After an uncomfortable silence occupied by me trying to figure out what was wrong and my uncle looking down at the plain, oak kitchen table, I spoke up. “What’s the matter?” I asked gently, hoping my uncle wouldn’t burst into tears. I was never good with that sort of thing.
It took him a second to respond. “Now, what I am about to tell you is very important, and I just want you to know, I love you and I always will, Damon.”
I soaked that in. “I love you, too.” And I did. Like a father.
There was another brief silence. The tension in the air lay like thick dust all around us. My curiosity was almost unbearable.
“I am not your uncle.”
The words were mumbled, but I heard them clearly enough. Quickly, talking in that half-second after my uncle had finished, instinctively, I replied, “Yes, you are.”
“No. I am not your true uncle.”
Once again I soaked in Uncle (or not) Jerry’s words. How could that be true?
“Wha…” I said, desperate and confused.
“What I mean is, I am not your father or your mother’s brother. But I am your uncle in every other sense, Damon.” He spoke softly, as if these words would break me.
“Then…then… who are you?” I managed to say, with some level of difficulty, I might add.
“I am a good friend of your parents. When they died, I was the one who took custody of you.”
There was another silence. “Oh,” I said dumbly. That wasn’t too bad. “Why didn’t you tell me before?”
His slightly-wrinkled face turned away from me, dull brown eyes searching for something else in the room to cling on to.
It was then that I realized that this wasn’t all of what he needed to tell me.
“Your parents—they…” he stumbled around for a word, “weren’t from around here.”

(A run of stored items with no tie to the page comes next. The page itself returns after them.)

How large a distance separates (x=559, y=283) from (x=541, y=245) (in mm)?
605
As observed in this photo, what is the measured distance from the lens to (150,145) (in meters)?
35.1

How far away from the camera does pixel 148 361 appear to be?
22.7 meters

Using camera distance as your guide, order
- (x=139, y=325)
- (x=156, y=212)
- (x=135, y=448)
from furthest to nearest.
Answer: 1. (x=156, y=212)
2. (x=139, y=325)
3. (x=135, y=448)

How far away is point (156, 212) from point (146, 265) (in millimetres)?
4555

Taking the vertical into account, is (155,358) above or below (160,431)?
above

“Am I not,” I faltered for a moment, too, “from New York?” I asked, not knowing what he was trying to say to me. Maybe I wasn’t born in the city? Even though that may sound stupid now, remember that I had no idea what was going on. My mind was trying to make sense of something that I had no knowledge of.

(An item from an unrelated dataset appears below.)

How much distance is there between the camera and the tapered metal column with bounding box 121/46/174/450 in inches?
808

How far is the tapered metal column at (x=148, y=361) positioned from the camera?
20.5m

“No,” he responded with a nervous chuckle. “Not at all.”
I waited to see if he was going to expand on this. All he said was, “Think big.”

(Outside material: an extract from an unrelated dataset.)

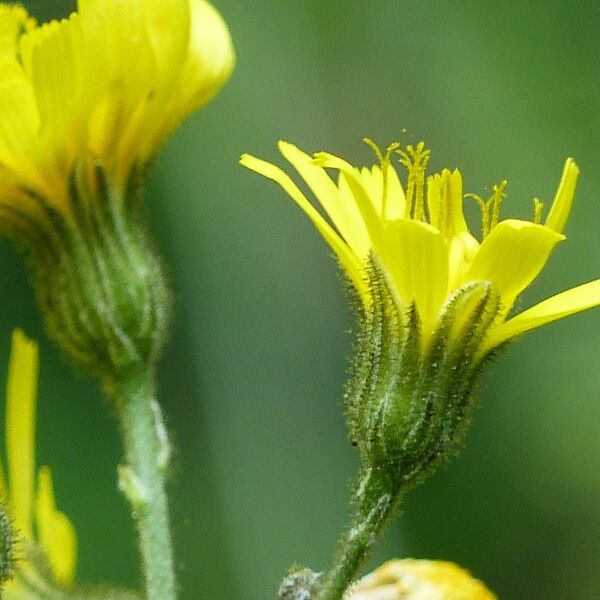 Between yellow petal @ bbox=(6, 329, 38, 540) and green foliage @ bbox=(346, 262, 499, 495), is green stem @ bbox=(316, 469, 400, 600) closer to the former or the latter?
green foliage @ bbox=(346, 262, 499, 495)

Taking this into consideration, I did think big. And then…
No! That was impossible! There was no way—it was crazy!—but I had to know the truth.
“I don’t belong here, on Earth I mean, do I?” I asked, choosing my words carefully. Before he could answer, I was swept with a million possibilities for the second time in about five minutes. Was I an alien? Thoughts of the comic books I read when I was growing up popped into my head, followed and flooded by hundreds of more ideas.
Uncle Jerry seemed to be slightly more at ease now. “Think of what you can do,” he stated simply.
That spurred my mind even more. In school, I was faster than everybody; I could beat all of my peers in a race. I was stronger than them; I could do way more pull-ups and sit-ups and push-ups and chin-ups. I was quicker than them, and I don’t mean in a running sort of way; I could dodge objects being thrown at me; move out of the way from a punch in a fight; steal the ball from a player in basketball; could know where the football was being thrown, and weave my way in and out of the players to intercept it.
I could do all of those things, and for my whole, sixteen-year life, I took it for granted. Even now as I look back, I’ll admit it: I just thought I was better.
“No,” the word came out barely as a whisper.
My uncle must have taken this as a sign to continue because he said, “Your parents were not humans, Damon. And neither,” he paused, drawing in a breath, “are you.”